How can I make my afternoon wedding reception not lame?

So I got engaged a few weeks ago. Yay! We're planning to get married this fall, which it turns out is kind of short notice in terms of finding an appropriate venue. We've found one we like which is available, but due to various constraints it looks like we're going to have the ceremony around 10-11AM with a reception at 1-5PM.

I am coming around to this idea, but I'm still a bit... hesitant? Thing is, I can get my head around what a really fun evening reception looks like. Cocktail hour, cover band, dancing, the whole nine yards. I get that. But I'm having trouble translating that to early afternoon. Cocktails (other than mimosas) don't really seem appropriate at two in the afternoon. So I'm trying to figure out what a really fun afternoon reception looks like.

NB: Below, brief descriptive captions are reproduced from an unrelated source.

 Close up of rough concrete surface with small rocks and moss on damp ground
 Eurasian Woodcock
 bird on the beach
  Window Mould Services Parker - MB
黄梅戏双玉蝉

What I don't want is another dreary affair where everyone wonders when it's going to be over and why no one is serving whiskey. I've been to quite a number of those myself and don't want to contribute to the trend. But we're still very early in the planning stages, so we've got the flexibility to point this thing in any number of directions.

Relevant details:
- We're looking at around 150-200 people, mostly friends and family. Ages range from a few infants up to a handful of octogenarians, with lots of people in the 25-35 (wedding party, siblings, friends, cousins, etc.) and 55-65 (parents, aunts/uncles, etc.) range, but only about two dozen minors.
- The venue is a converted cotton mill in a very scenic location, but we're basically talking indoors here.
- The crowd is going to be mostly fairly conservative Christians; though alcohol and dancing are definitely in the offing, we're not talking anything too crazy.
- We're open to the idea of some kind of after-party. Not only is 5PM pretty early to shut things down, but four hours isn't a huge amount of time.

So, in short: what makes for a time-appropriate, entertaining afternoon wedding reception?

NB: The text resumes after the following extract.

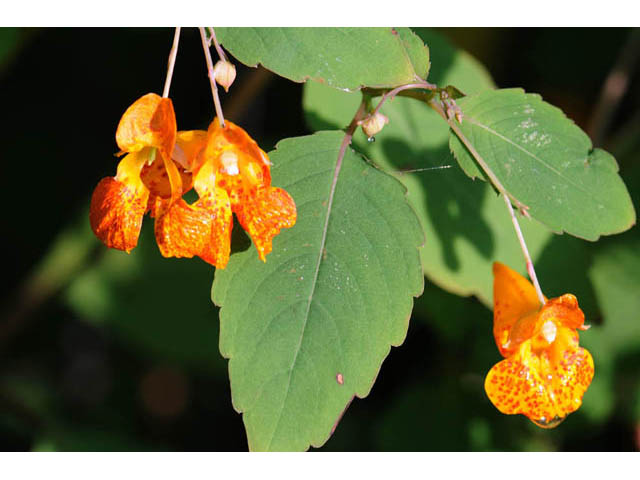 Impatiens capensis (Jewelweed) #62725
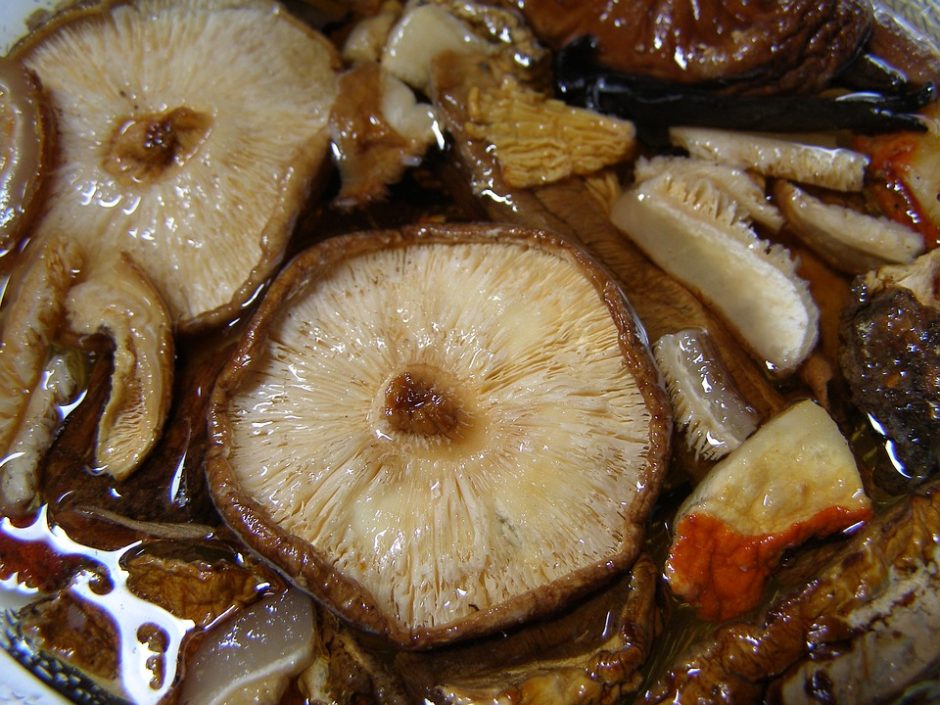 mushroom-1555015_960_720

(Also, previously, though I'm most interested in the time-appropriateness aspect here.)
posted by valkyryn to Grab Bag (32 answers total) 16 users marked this as a favorite
 
Lively live music.
posted by jon1270 at 8:29 AM on March 7, 2012 [1 favorite]


Focus on kids. Kid/adult games, etc. Beer, wine and champagne only.
posted by Ironmouth at 8:31 AM on March 7, 2012


Congrats!

- yes, plan an after party, and make sure people know where it will be.
- there is no reason you can't have alcohol and dancing. I would do some other signature drinks (it's fall, so probably spiked cider and champagne punch).
- are you serving a sit down lunch? If not, do stations around with different kinds of food - a chocolate fountain with fruit; little sandwhiches; deserts; etc. This tends to spread people out and get them talking, I think.
- live music if possible.
- some activities maybe? photobooth. one wedding i went to (outside) had a bounce house. Another was set up for card tournaments and lawn games. karaoke? really, it depends on what you might find fun. Do your 25-35 year olds like to line dance/do the hustle? find a DJ that can help with that if you aren't doing live music. (If you have a DJ: make sure they are not too loud; if they are too loud, everyone over 50 will be pissed and leave because they can't talk to each other).
posted by dpx.mfx at 8:35 AM on March 7, 2012 [2 favorites]

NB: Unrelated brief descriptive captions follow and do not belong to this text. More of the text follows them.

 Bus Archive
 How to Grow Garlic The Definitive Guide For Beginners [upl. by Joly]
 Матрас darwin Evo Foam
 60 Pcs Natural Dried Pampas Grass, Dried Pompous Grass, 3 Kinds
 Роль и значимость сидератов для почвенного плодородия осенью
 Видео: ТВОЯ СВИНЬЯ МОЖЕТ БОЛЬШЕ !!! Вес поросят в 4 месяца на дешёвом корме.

I am imagining a really lively lunch reception with an upbeat live band (bluegrass? or maybe zydeco? or swing? etc), brightly colored checkered cloth tablecloths, wild flowers, fun lunchtime food rather than heavy formal dinnertime food, and cocktails. YES, you can have cocktails in the daytime: mint juleps, mojitos, whiskey gingers, even frozen things like daquiris if that's your style.
posted by joan_holloway at 8:37 AM on March 7, 2012


Afternoon carnival-themed weddings are really big right now.
posted by np312 at 8:39 AM on March 7, 2012 [1 favorite]


A whole hog and a few kegs would go well with the carnival rides--make it a pig pickin'!
posted by MrMoonPie at 8:41 AM on March 7, 2012 [2 favorites]


For the most part, what people are going to do any time of day is eat and chitchat, in between the cake cutting and other scheduled events. Maybe focus on making it easy for people to mingle (for example, I didn't assign seating and people just sat in groups to eat and then table-hopped as they pleased afterwards) and let them make their own fun in between your planned activities. And not too loud, whatever you do about music, so that people who want to talk can.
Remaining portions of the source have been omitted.